Toda disciplina jurídica tem lá os seus “pontos obscuros”, as suas “zonas nebulosas”, onde correntes doutrinárias divergentes se digladiam. E com o Direito Penal não é diferente. Uma dessas tais “zonas nebulosas” é a diferenciação entre “dolo eventual” e “culpa consciente”. Teorias e mais teorias tentam dar conta do tema(a). Essa é a razão de escrever este texto para, quem sabe, poder ajudar alguém que, assim como eu, também passou pelo problema de diferenciar uma e outra. Afinal, dicas e macetes são sempre bem-vindos (quem é que não se lembra, do tempo de segundo grau, da famosa frase – entre outras – para decorar elementos químicos: senhor (Sr) Cabará (Ca, Ba, Ra) bebeu (Be) magnésio (Mg)(b)).

O dolo é intenção. A culpa é falta do dever de cuidado(c). Segundo o nosso Código Penal, em seu artigo 18, parágrafo único, “salvo os casos expressos em lei, ninguém pode ser punido por fato previsto como crime, senão quando o pratica dolosamente.” Dolo é a regra, culpa é exceção. Há casos, entretanto, que tramitam meio que entre estas situações.

Veja o primeiro caso acima, por exemplo. Em relação ao seu desafeto, com certeza podemos falar que havia o dolo por parte de Tício (havia a INTENÇÃO de praticar o tipo penal “matar alguém” – artigo 121 do Código Penal, é o chamado dolo direto). Mas digamos que, ao disparar, ele houvesse feito outras vítimas. Havia o dolo (INTENÇÃO) em relação a essas outras pessoas? Ou ele apenas deu um DANE-SE para elas?

Já no segundo caso, houve indiscutivelmente CULPA (não houve intenção de praticar um tipo penal – um crime, mas sim uma violação ao dever de cuidado, uma imprudência por parte de Mévio). Porém, essa imprudência deu-se de forma intencional. Ele quis se colocar em uma situação imprudente.

E é por isso que temos essa distinção entre dolo (INTENÇÃO) e dolo eventual, entre culpa (FALTA DO DEVER DE CUIDADO) e culpa consciente. E a linha que separa o dolo eventual da culpa consciente é tênue, muitas vezes quase imperceptível. E aqui entra o macete do DANE-SE/DANOU-SE. Perguntemos ao autor do fato o que ele pensa daquilo que fez. Se conseguirmos perceber que a resposta a esta pergunta é “DANE-SE”, temos o dolo eventual. Se a resposta é “DANOU-SE”, temos a culpa consciente.

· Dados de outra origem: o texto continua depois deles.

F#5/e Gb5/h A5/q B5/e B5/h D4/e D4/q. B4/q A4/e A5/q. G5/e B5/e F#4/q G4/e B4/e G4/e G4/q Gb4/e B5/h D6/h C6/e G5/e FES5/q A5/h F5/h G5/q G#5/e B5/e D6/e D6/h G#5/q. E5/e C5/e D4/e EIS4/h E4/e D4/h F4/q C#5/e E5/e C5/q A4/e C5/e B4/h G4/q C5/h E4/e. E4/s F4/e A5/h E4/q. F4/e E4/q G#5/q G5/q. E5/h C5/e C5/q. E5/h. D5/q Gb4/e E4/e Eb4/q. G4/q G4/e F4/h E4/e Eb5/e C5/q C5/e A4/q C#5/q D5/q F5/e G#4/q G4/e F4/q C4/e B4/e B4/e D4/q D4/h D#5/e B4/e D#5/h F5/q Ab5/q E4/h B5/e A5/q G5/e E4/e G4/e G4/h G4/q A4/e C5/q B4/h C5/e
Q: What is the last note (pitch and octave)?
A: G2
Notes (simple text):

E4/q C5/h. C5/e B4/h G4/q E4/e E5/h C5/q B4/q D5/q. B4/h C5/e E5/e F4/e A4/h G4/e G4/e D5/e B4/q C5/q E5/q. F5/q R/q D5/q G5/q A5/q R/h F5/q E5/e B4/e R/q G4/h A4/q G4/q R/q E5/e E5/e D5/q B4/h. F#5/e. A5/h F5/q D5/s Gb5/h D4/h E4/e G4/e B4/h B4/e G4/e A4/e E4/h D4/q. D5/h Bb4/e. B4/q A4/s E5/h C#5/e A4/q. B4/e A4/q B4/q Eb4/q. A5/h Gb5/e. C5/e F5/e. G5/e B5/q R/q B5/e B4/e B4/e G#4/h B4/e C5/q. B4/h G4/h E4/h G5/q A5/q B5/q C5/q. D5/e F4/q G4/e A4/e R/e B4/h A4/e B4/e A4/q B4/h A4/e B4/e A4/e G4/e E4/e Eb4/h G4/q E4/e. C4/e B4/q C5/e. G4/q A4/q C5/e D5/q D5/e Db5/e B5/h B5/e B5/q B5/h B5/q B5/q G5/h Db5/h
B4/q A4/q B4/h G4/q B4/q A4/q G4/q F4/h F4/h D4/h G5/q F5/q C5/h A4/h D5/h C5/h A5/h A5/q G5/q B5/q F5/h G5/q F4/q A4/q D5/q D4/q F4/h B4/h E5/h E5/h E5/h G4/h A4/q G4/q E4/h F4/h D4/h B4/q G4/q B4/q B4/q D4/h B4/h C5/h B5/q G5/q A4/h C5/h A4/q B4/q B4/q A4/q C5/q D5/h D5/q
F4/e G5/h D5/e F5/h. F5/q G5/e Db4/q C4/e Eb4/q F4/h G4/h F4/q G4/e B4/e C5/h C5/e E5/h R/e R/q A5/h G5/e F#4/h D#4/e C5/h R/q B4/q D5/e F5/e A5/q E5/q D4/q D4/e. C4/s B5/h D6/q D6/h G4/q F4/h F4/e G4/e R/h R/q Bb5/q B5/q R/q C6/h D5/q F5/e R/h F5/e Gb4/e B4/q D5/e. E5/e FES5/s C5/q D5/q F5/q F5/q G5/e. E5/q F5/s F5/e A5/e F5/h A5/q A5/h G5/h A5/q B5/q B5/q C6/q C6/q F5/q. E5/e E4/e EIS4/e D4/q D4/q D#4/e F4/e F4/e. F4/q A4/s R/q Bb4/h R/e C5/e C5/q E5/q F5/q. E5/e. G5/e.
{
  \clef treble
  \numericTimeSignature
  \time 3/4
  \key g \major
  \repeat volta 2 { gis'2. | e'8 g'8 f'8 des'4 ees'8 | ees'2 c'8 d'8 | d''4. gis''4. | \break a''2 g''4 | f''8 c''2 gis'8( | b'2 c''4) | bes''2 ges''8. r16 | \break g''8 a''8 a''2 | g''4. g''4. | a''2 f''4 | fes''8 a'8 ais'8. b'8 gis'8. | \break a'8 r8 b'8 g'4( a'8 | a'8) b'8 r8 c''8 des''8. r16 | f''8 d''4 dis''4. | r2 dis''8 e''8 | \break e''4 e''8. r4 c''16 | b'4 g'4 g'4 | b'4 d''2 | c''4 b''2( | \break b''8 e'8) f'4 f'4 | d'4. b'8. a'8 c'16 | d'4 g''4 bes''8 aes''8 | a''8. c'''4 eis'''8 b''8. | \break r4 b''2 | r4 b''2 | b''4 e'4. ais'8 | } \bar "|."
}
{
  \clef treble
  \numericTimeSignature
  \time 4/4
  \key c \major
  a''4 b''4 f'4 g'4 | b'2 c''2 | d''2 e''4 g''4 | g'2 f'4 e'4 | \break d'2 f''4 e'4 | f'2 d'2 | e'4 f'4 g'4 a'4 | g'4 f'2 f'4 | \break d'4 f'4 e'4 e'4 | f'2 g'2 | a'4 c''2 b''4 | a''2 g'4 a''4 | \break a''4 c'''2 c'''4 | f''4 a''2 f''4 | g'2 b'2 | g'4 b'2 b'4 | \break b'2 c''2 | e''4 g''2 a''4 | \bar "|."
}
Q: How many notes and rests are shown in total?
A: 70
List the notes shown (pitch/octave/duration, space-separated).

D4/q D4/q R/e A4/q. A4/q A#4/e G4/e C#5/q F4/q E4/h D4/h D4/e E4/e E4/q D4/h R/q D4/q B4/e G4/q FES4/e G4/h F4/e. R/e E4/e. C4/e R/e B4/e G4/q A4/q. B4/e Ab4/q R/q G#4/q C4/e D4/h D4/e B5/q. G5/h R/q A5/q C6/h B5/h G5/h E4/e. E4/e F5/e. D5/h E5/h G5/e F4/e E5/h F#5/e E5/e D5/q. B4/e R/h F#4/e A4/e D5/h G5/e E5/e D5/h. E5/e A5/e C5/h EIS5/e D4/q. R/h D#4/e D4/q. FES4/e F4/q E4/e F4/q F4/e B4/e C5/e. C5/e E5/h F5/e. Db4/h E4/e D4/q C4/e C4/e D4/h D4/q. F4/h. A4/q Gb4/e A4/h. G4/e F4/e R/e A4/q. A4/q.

É certo que este macete não irá servir para toda e qualquer situação. Vão existir casos que demandarão uma avaliação mais aguçada. Mas com certeza servirá para – digamos – uns 80% das situações práticas que possam ser encontradas.

Notas:
(a) Veja-se, por exemplo, este texto (http://jus.com.br/revista/texto/20309/contributos-para-compreender-a-fronteira-entre-o-dolo-eventual-e-a-culpa-consciente/), onde são citadas nada menos que 8 (oito!) teorias.
(b) Outro exemplo é Hélio (He) negou (Ne) que armou (Ar) uma crise (Kr) ao chegar (Xe) o Ronin (Rn). Esta aqui me marcou por causa do Ronin (que até hoje não sei quem o trouxe à conversa).
(c) Código Penal – Decreto-Lei nº 2.848, de 07/12/1940
Art. 18, inciso I – [crime] doloso é quando o agente quis o resultado ou assumiu o risco de produzi-lo.
Art. 18, inciso II – [crime] culposo, quando o agente deu causa ao resultado por imprudência, negligência ou imperícia.